Source material:

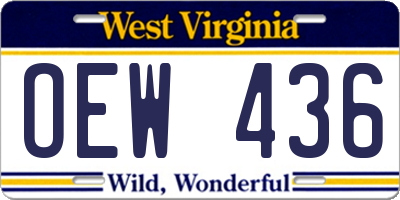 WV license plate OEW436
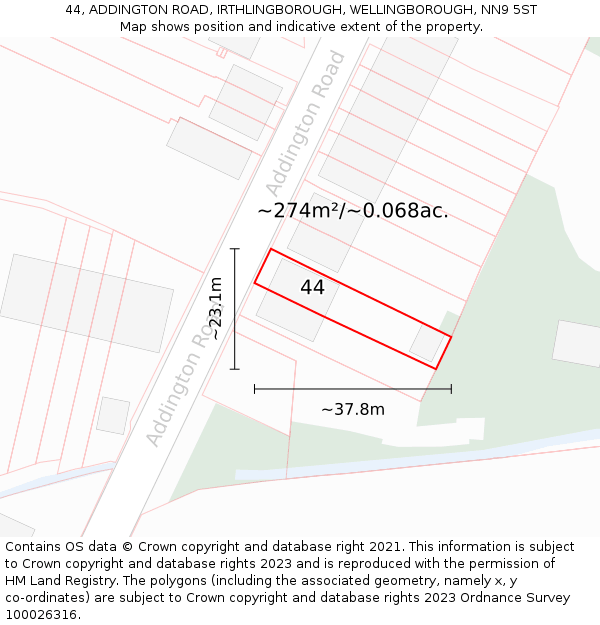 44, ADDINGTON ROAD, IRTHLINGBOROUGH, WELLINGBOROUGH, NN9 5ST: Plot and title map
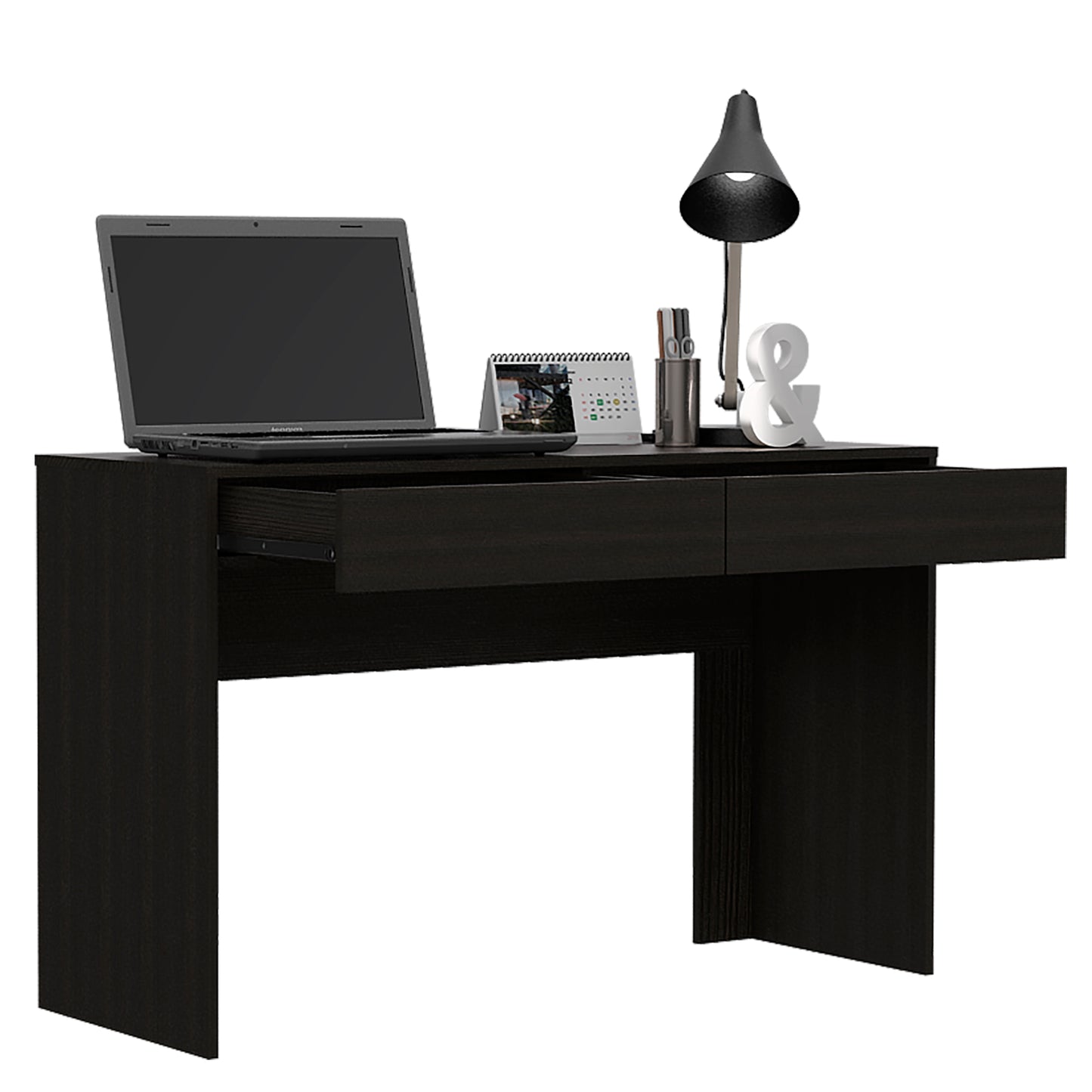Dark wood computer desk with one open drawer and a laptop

...

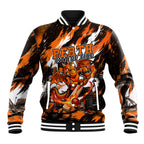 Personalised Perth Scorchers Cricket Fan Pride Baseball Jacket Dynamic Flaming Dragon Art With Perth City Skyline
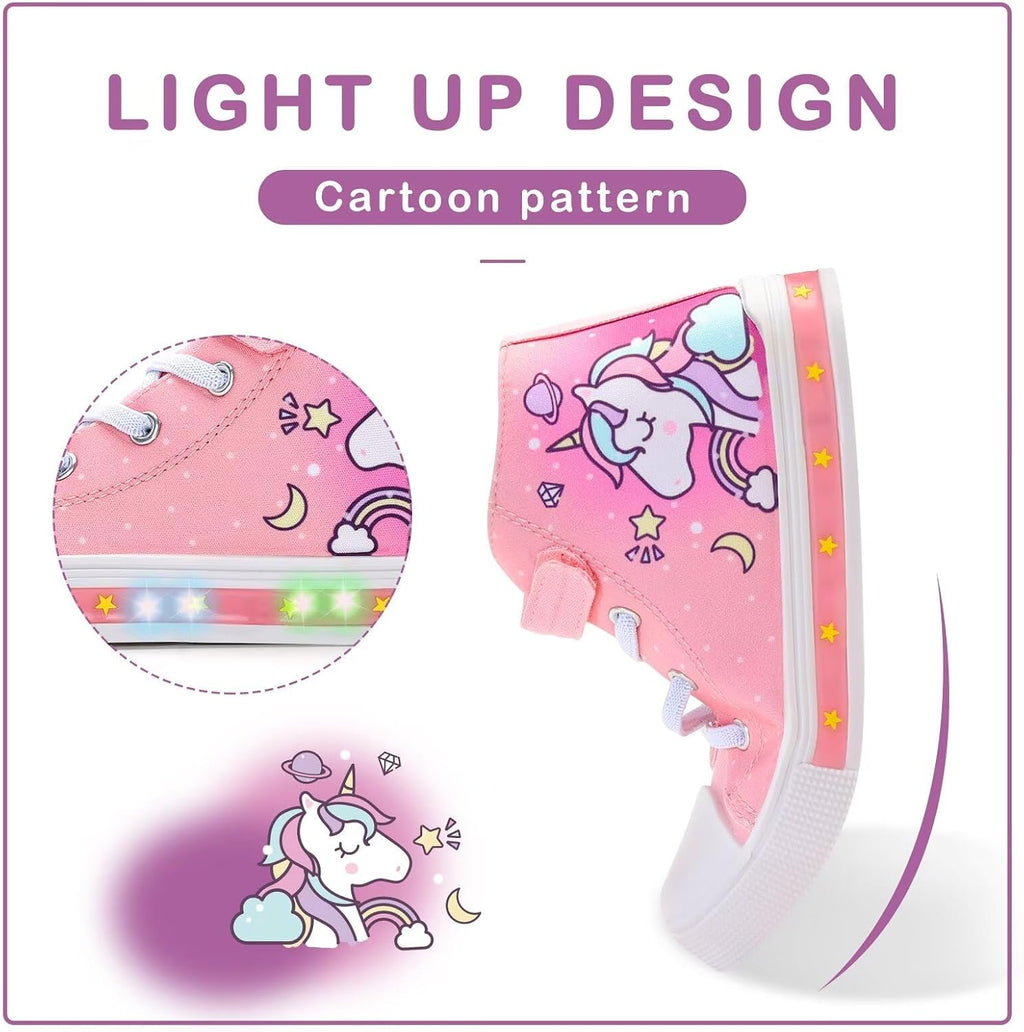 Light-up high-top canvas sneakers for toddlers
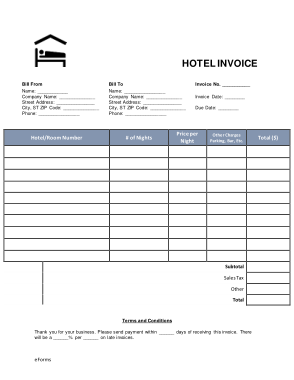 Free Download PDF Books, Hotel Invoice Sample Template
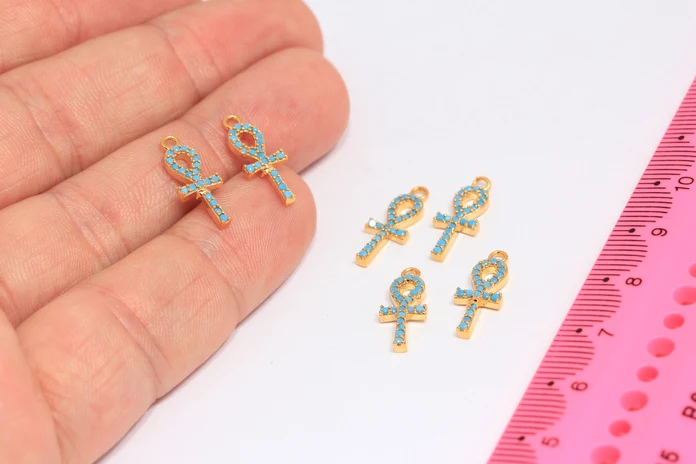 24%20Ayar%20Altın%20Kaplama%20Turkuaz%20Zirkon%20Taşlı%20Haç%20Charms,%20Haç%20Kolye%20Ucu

Work required:
Copy the lines above exactly, starting with the line that contains "WV license plate OEW436" and ending with the line that contains "Dark wood computer", and leave out any pictures.

Response to this exercise:
 WV license plate OEW436
 44, ADDINGTON ROAD, IRTHLINGBOROUGH, WELLINGBOROUGH, NN9 5ST: Plot and title map
Dark wood computer desk with one open drawer and a laptop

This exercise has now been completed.